Short text fragments from websites
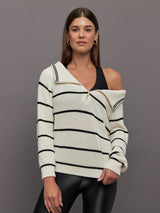 Sierra Off Shoulder Striped Pullover - Sea Salt Multi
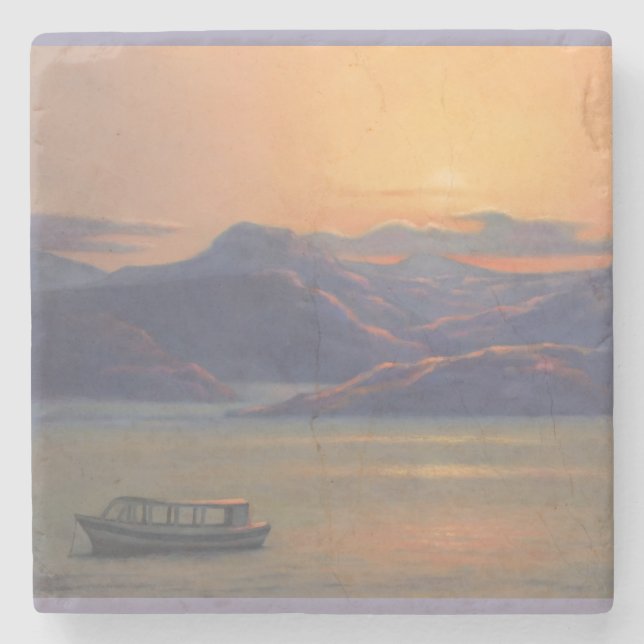 Porta-copo De Pedra "Terra da Porta copos Marble dos Antigos" (Frente)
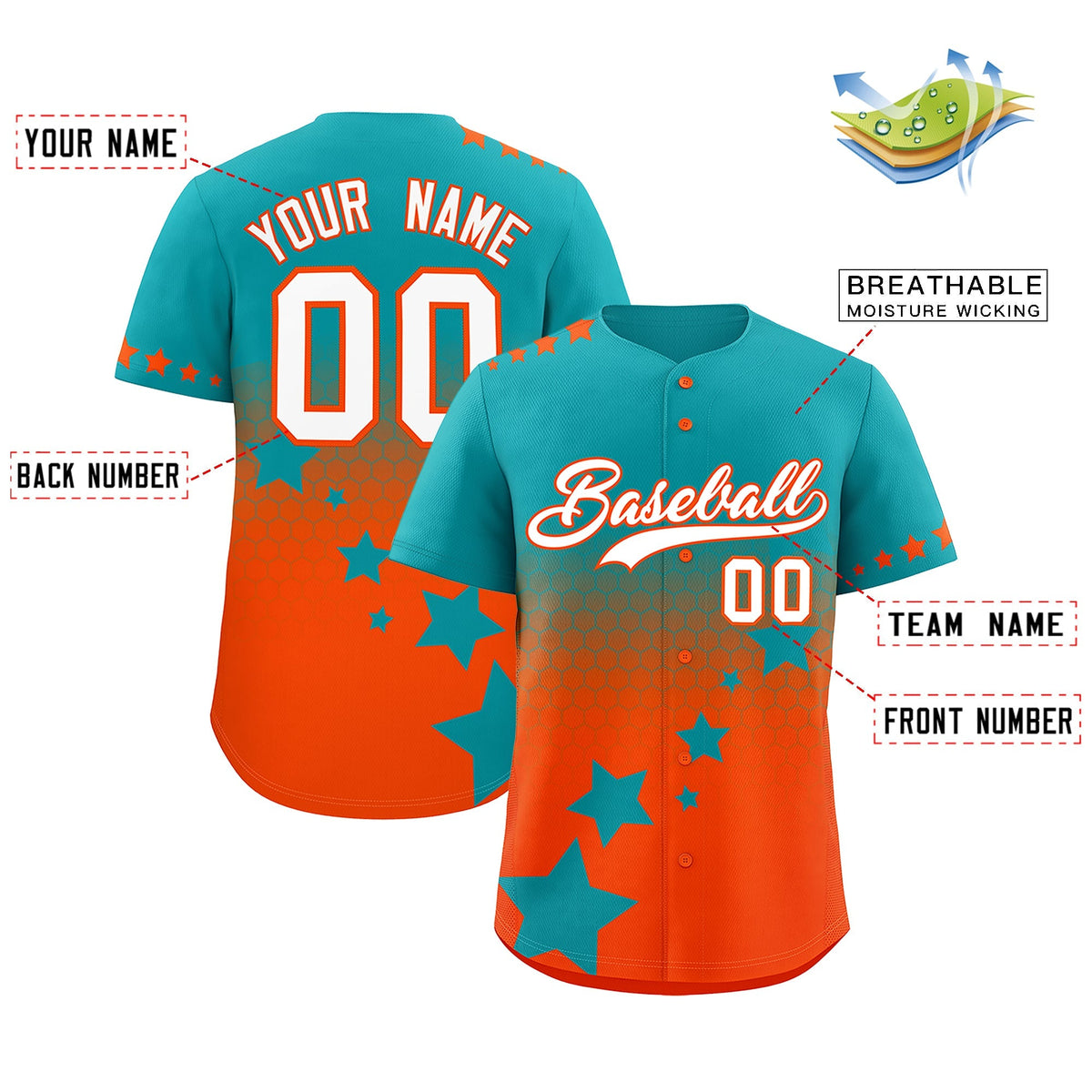 Custom Aqua Orange White Rising Stars Series Gradient Fashion Baseball Jersey| KXKSHOP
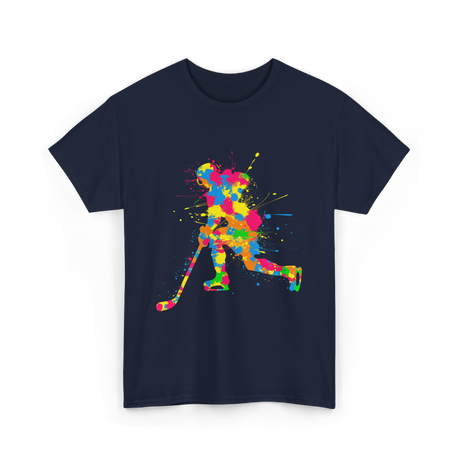 Colorful Hockey Player Hockey T-Shirt - Navy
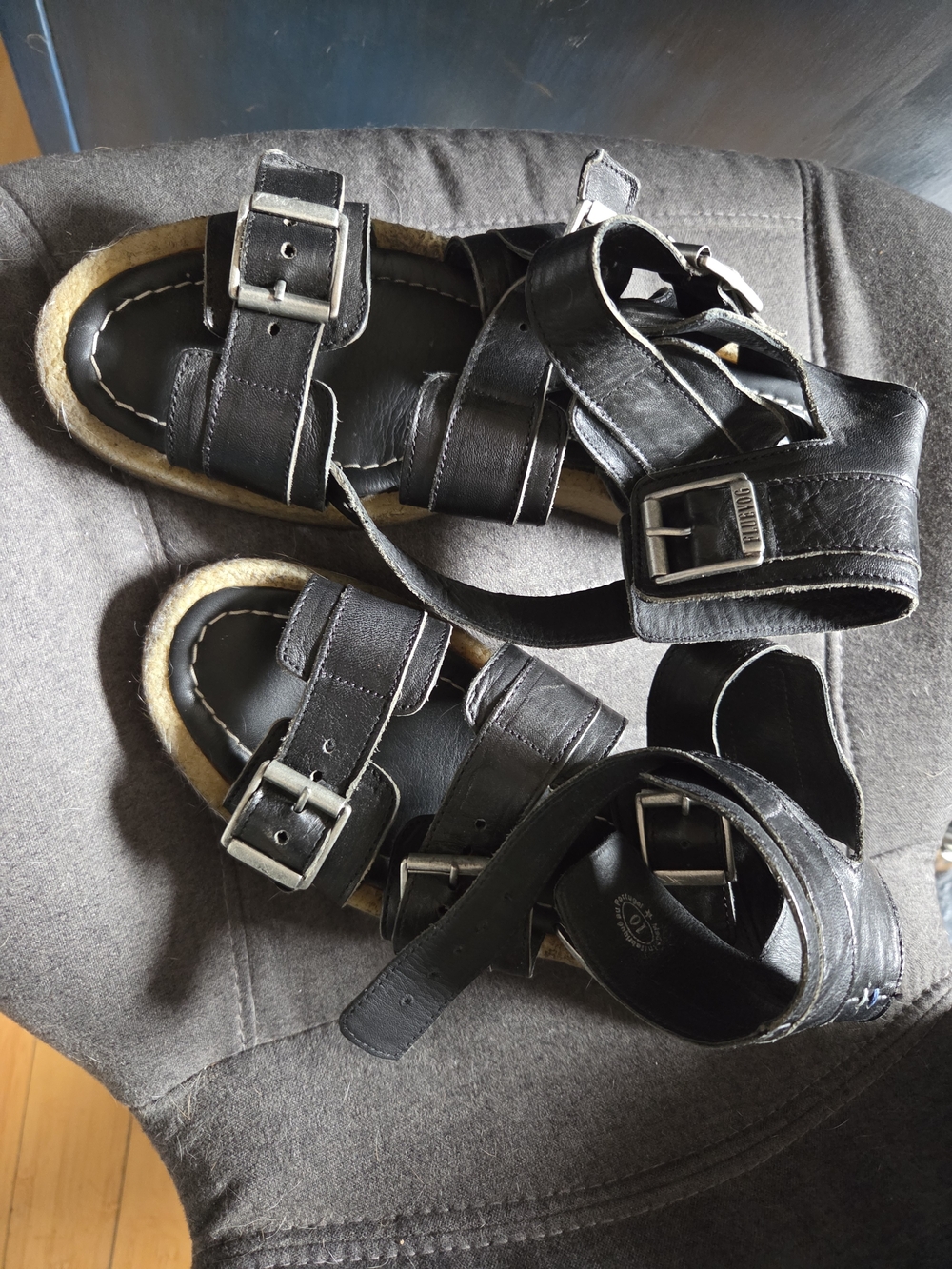 Fluevog Muskoka Black Leather Sandals
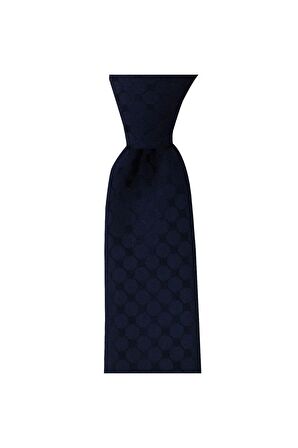 Lacivert desenli 8 cm genişliğinde kravat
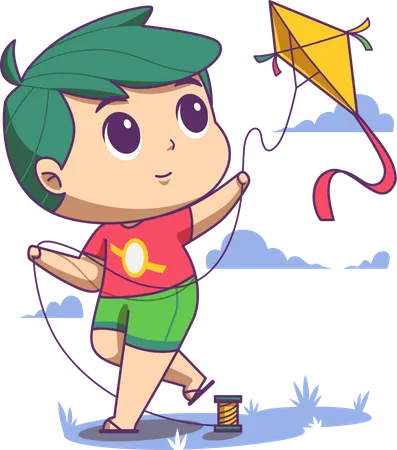 Boy enjoy flying kite  Illustration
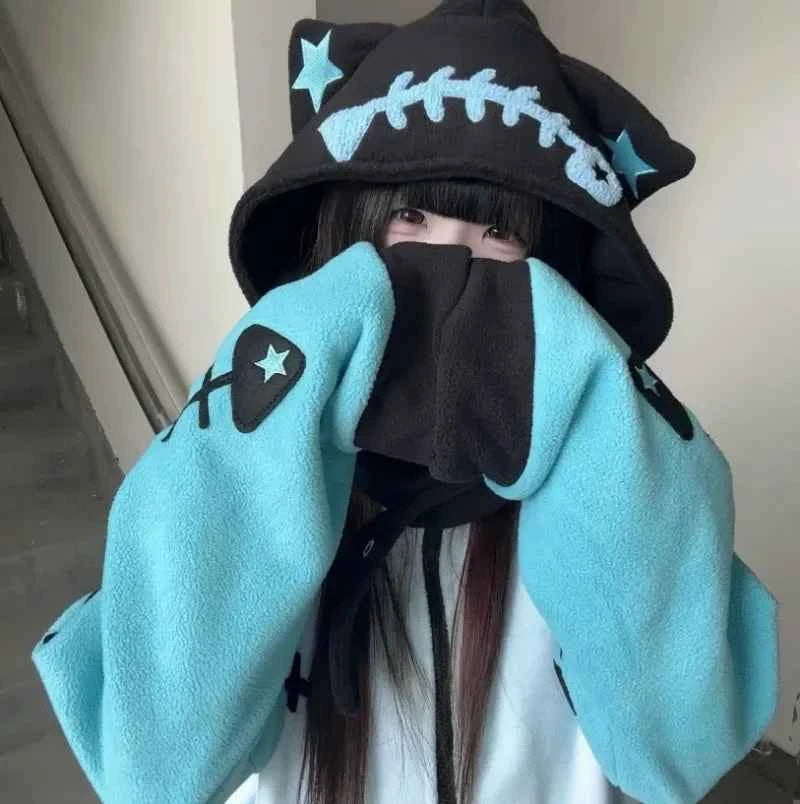 SS69 Japanese Punk Cat Ear Fish Bone Zip-Up Oversized Hoodie Blue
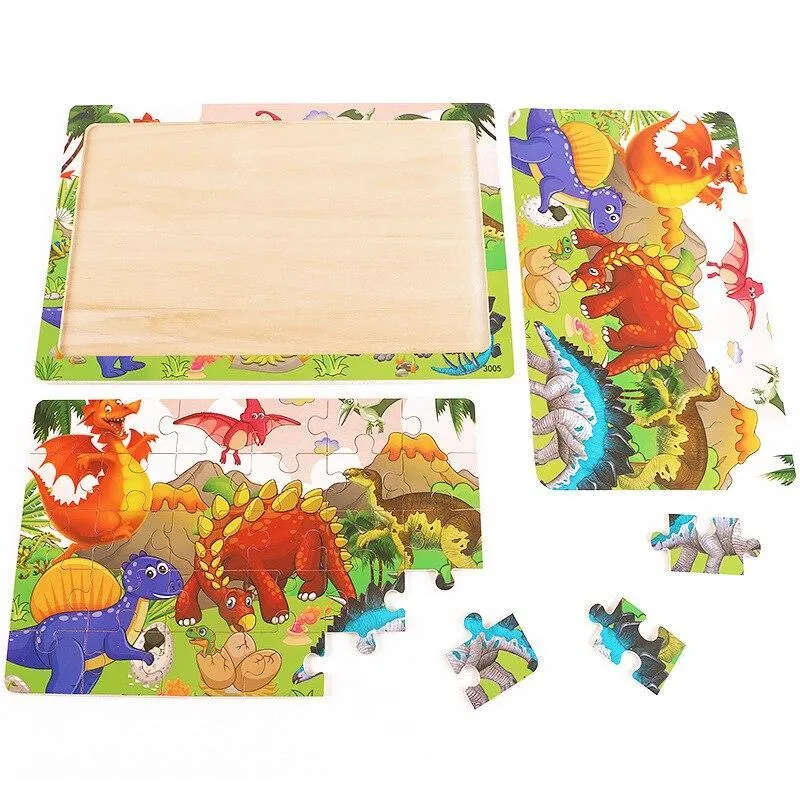 30 Pieces Wooden Toy Jigsaw Puzzle Cartoon Animal Vehicle Kid Early Learning Baby Educational Toys for Children Puzzles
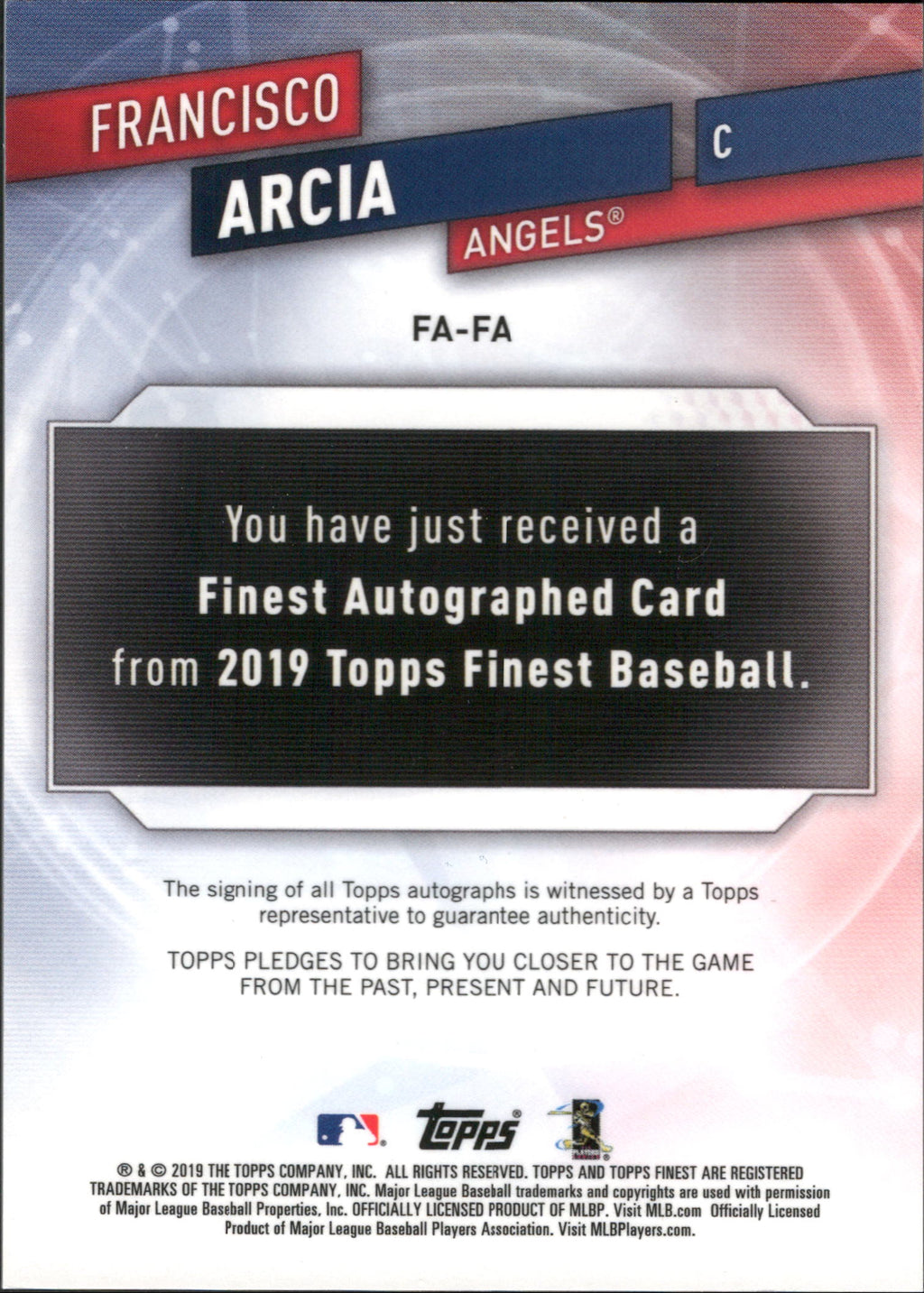2019 Finest Finest Autographs Blue #FA-FA Francisco Arcia RC Auto #/150 Angels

### About this exercise
Which lines run from the one that holds "Fluevog Muskoka Black Leather Sandals" to the final line of the records above? Return them exactly, and skip the pictures.

### Task output
 Fluevog Muskoka Black Leather Sandals
 Lacivert desenli 8 cm genişliğinde kravat
 Boy enjoy flying kite  Illustration
 SS69 Japanese Punk Cat Ear Fish Bone Zip-Up Oversized Hoodie Blue
 30 Pieces Wooden Toy Jigsaw Puzzle Cartoon Animal Vehicle Kid Early Learning Baby Educational Toys for Children Puzzles
2019 Finest Finest Autographs Blue #FA-FA Francisco Arcia RC Auto #/150 Angels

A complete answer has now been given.